Higher Education, Science and Innovation Minister, Dr Blade Nzimande, has appointed a ministerial task team to conduct an independent review of the University of South Africa (UNISA).
Nzimande said given the size of UNISA, not only in South Africa but on the entire African continent – having 407 759 students in 2020 and growing, the institution is clearly too big to fail, as too many people depend on its success.
Nzimande said since the merger of UNISA with Technikon Southern Africa in 2004 (incorporated with the distance education component of Vista University), it appears that there has not been sufficient attention on addressing the underlying drivers of institutional coherence and sustainability.
He said UNISA is gradually experiencing “mission-drift” by becoming more 'full-time', yet there has never been a plan supported by national government in favour of such a move.

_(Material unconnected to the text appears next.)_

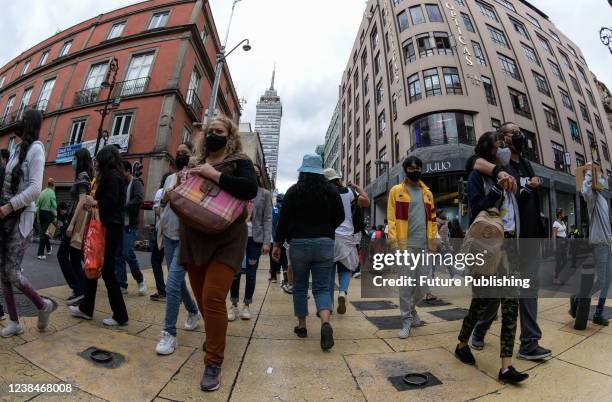 People enjoy a weekend walk with their partners during the celebrations of Valentine's Day. On February 11, 2022 in Mexico City, Mexico.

“The issue of mission drift has massive implications for the financial sustainability and future of UNISA. It also has materially-significant implications for government for both subsidy and student financial aid support, as we have seen at the start of the 2020 academic year, when segments of the student community made demands for near full-time equivalent National Student Financial Aid Scheme (NSFAS) support from government,” Nzimande said.
Similarly, the Minister said, mission drift will impose major pressures on infrastructure, teaching staff and a host of other concerns.
The Minister also raised the importance of making a rigorous assessment of how the Fourth Industrial Revolution (4IR) and its associative disruptions and shifts will affect many aspects of the academic mission, academic programmes, markets and operating model of all of the country’s universities, especially a UNISA of the mid-21st century.
The Minister also raised other concerns, including:
- There has been no comprehensive reflection on the implications of new technologies on the operations of the university;
- There have been concerns raised regarding the quality of offerings/programmes;
- The persistent problem of UNISA's unacceptably high student failure rates, as well as de-accreditation of some of its academic programmes; and
- The instability in the senior management is also a matter of great concern.
Nzimande has held two consultative meetings with the UNISA Council chairperson, deputy chairperson and the Vice Chancellor, as well as a full UNISA Council to discuss the details of the review.
Nzimande said there is consensus between the UNISA Council and the Higher Education and Training Ministry about very serious concerns regarding the future of UNISA.
“I am requesting members of the university community, including and specifically, Council and management, including the Vice Chancellor, to provide the fullest support for, and cooperation with the MTT,” the Minister said.
Appointed members of the task team include, Dr Vincent Maphai (chairperson), Professor John Volmink, Professor Louis Molamu, Nonkululeko Gobodo and Professor Brenda Gourley.
The task team will commence with its work immediately.